■ Exercise details
Skip the images and copy each record exactly as written.
- - - - - - -
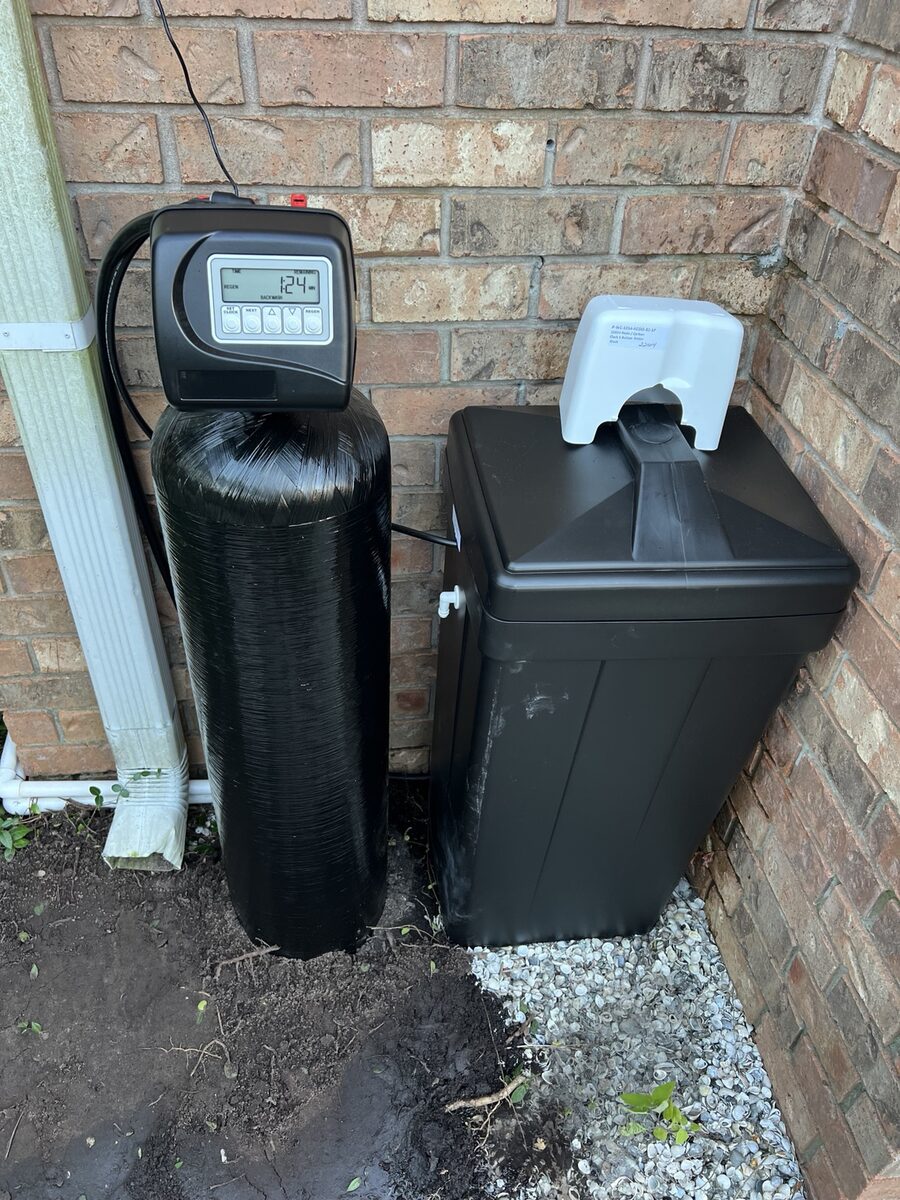 Compact indoor water softener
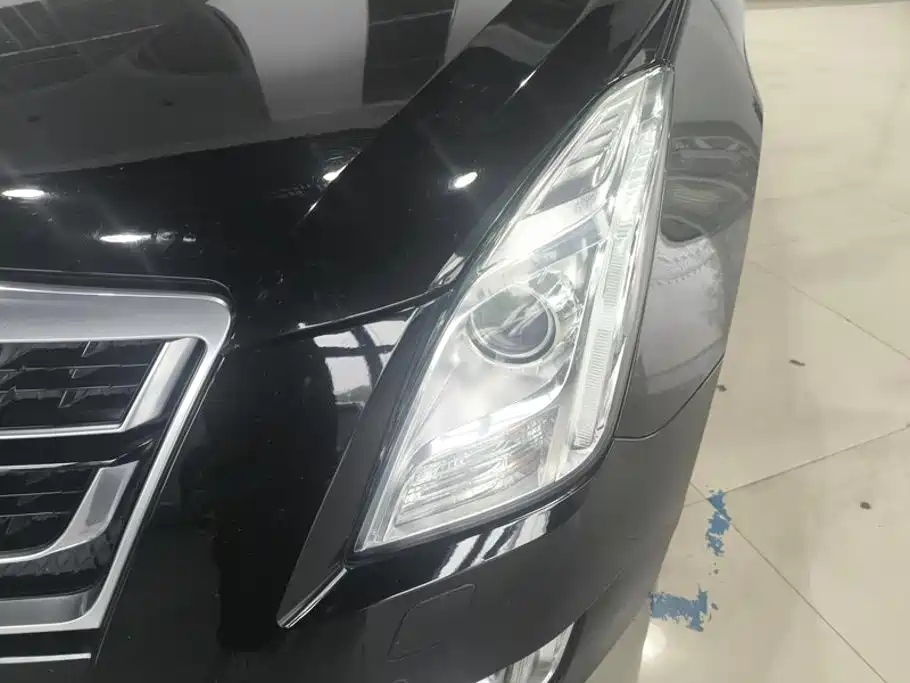 Cadillac XTS 2017 28T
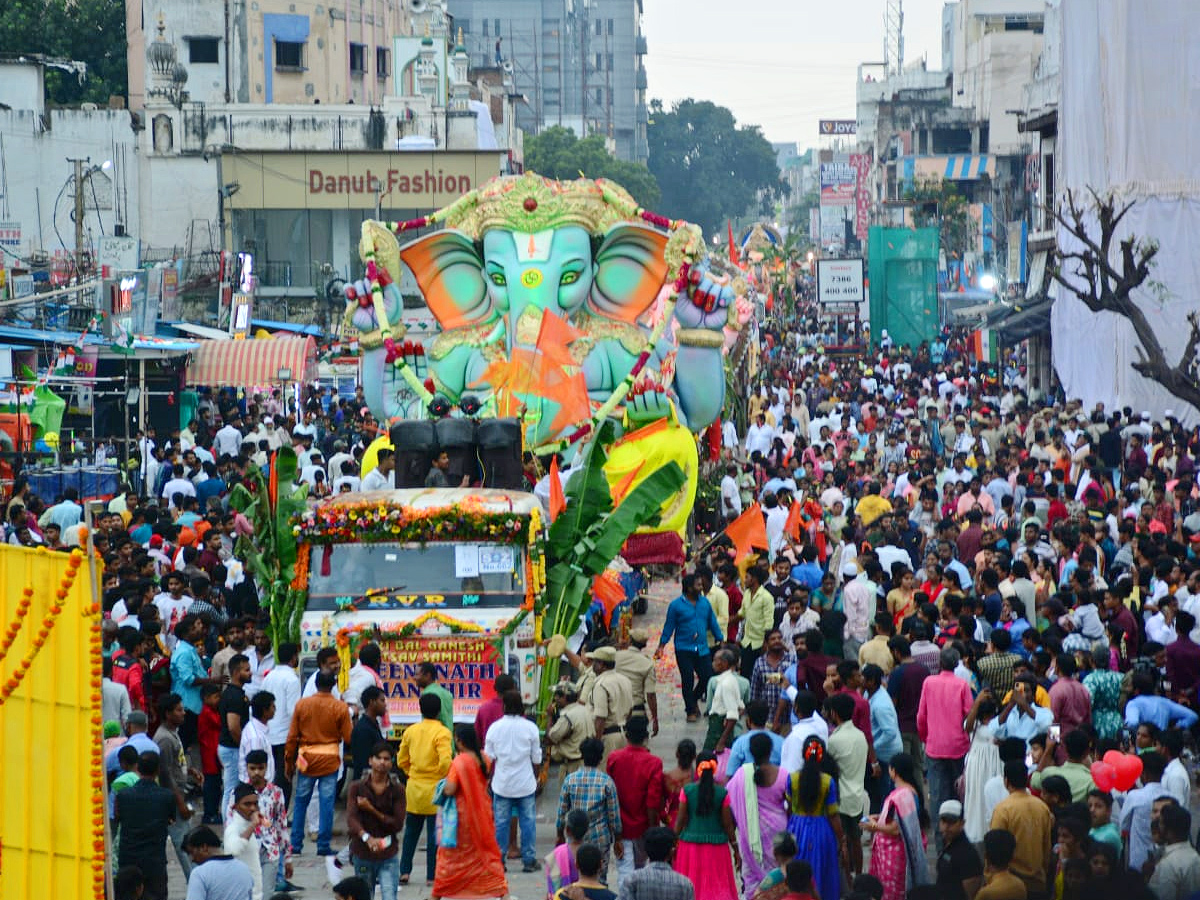 Hyderabad_20Ganesh_20Immersion_20Photos_21.jpg 20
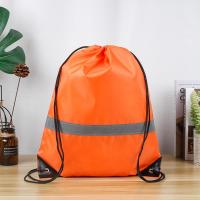 Mochila de gimnasio con cordón y rayas reflectantes, bolso de hombro deportivo de nailon impermeable de poliéster 210D, bolso de Fitness plegable portátil - details 5
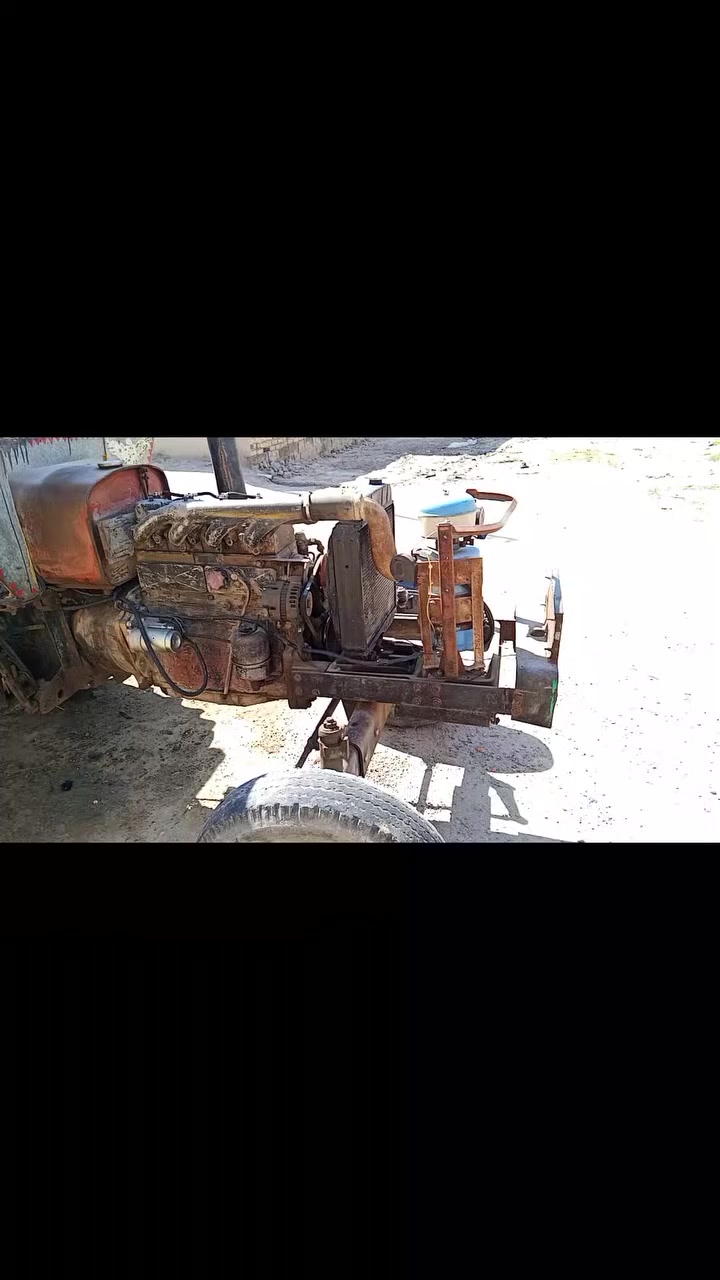 مكينه عنتر مديل 85رقم وسنويه تحويل شغاله نكره سلف المكان بغداد سبع البور الستفسار ***********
- - - - - - -
■ Final answer
 Compact indoor water softener
 Cadillac XTS 2017 28T
 Hyderabad_20Ganesh_20Immersion_20Photos_21.jpg 20
 Mochila de gimnasio con cordón y rayas reflectantes, bolso de hombro deportivo de nailon impermeable de poliéster 210D, bolso de Fitness plegable portátil - details 5
 مكينه عنتر مديل 85رقم وسنويه تحويل شغاله نكره سلف المكان بغداد سبع البور الستفسار ***********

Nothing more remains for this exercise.